Thursday, 17 September 2009

Chocolate Wars: Hershey's v. Cadbury's



When it comes to chocolate, Chumley has never minced words. His years in the States were a chocolate famine, full of inferior, lecithin-laden excuses for the real thing. Not to say this would stop him from consuming the occasional Twix. But it just wasn't the same.
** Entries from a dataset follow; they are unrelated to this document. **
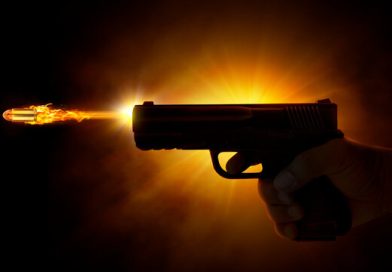 Explainer: शरिरामध्ये गोळी लागल्यावर काय होतं, माणसाचा मृत्यू किती सेकंदात होतो? Explainer: शरिरामध्ये गोळी लागल्यावर काय होतं, माणसाचा मृत्यू किती सेकंदात होतो?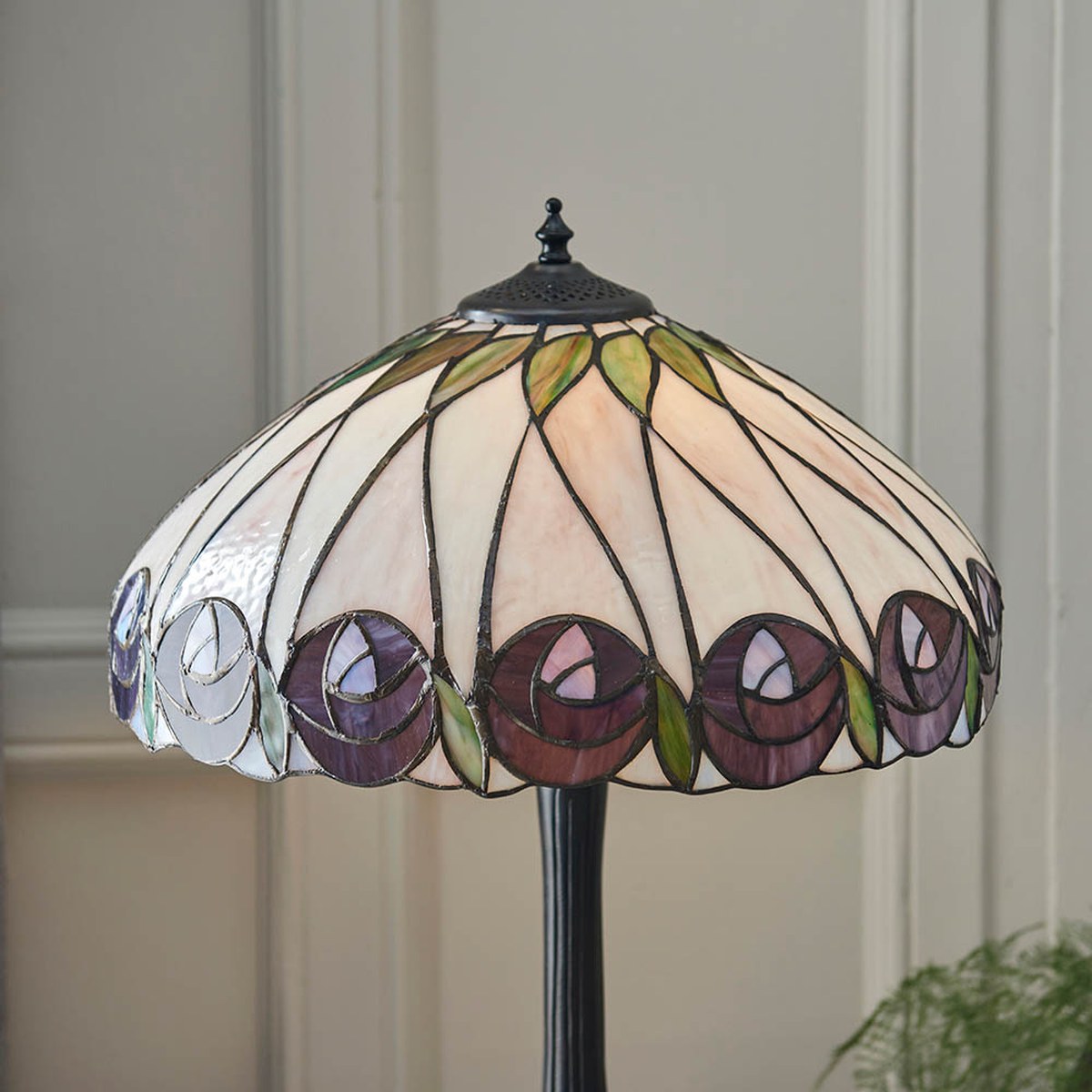 Interiors 1900 Hutchinson Medium Tiffany Table Lamp in Satin Black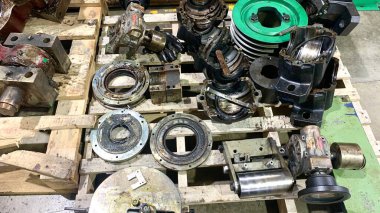 vites kutusu yedek parçaları tamir ve onarım için bir palet üzerine düzenlenmiş, selangor-Malezya 21 Kasım 2025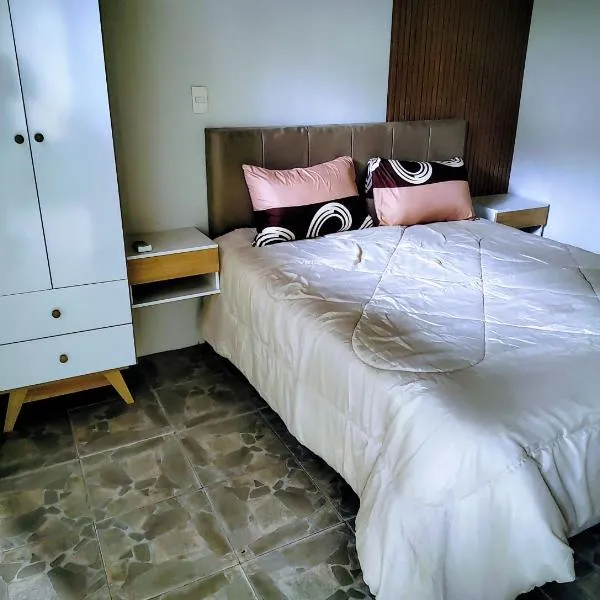 Noah House Ezeiza，位于埃塞萨的酒店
This cultural chocolate divide became clear when he'd get an occasional Hershey's miniature in a goodie bag from some road race. Untrue to form, he'd turn up his nose. "What's wrong with Hershey's?" I asked naively, wondering how anyone could impune the one and only chocolate I had much experience with. "It tastes like earwax," he replied matter-of-factly. "Earwax!" I was horrified. I had accidentally licked the end of a used Q-tip (cotton bud) once, and I knew first hand Hershey's and earwax did not share a common chemical structure. I chalked up his contrariness to his love of being contrary, but he didn't cave one bit in future chocolate conversations. "Earwax!" he proclaimed, shoving any pure Hershey's chocolate product toward me. I was not altogether upset by this arrangement. The only acceptable source of affordable chocolate was Cadbury. Cadbury or bust.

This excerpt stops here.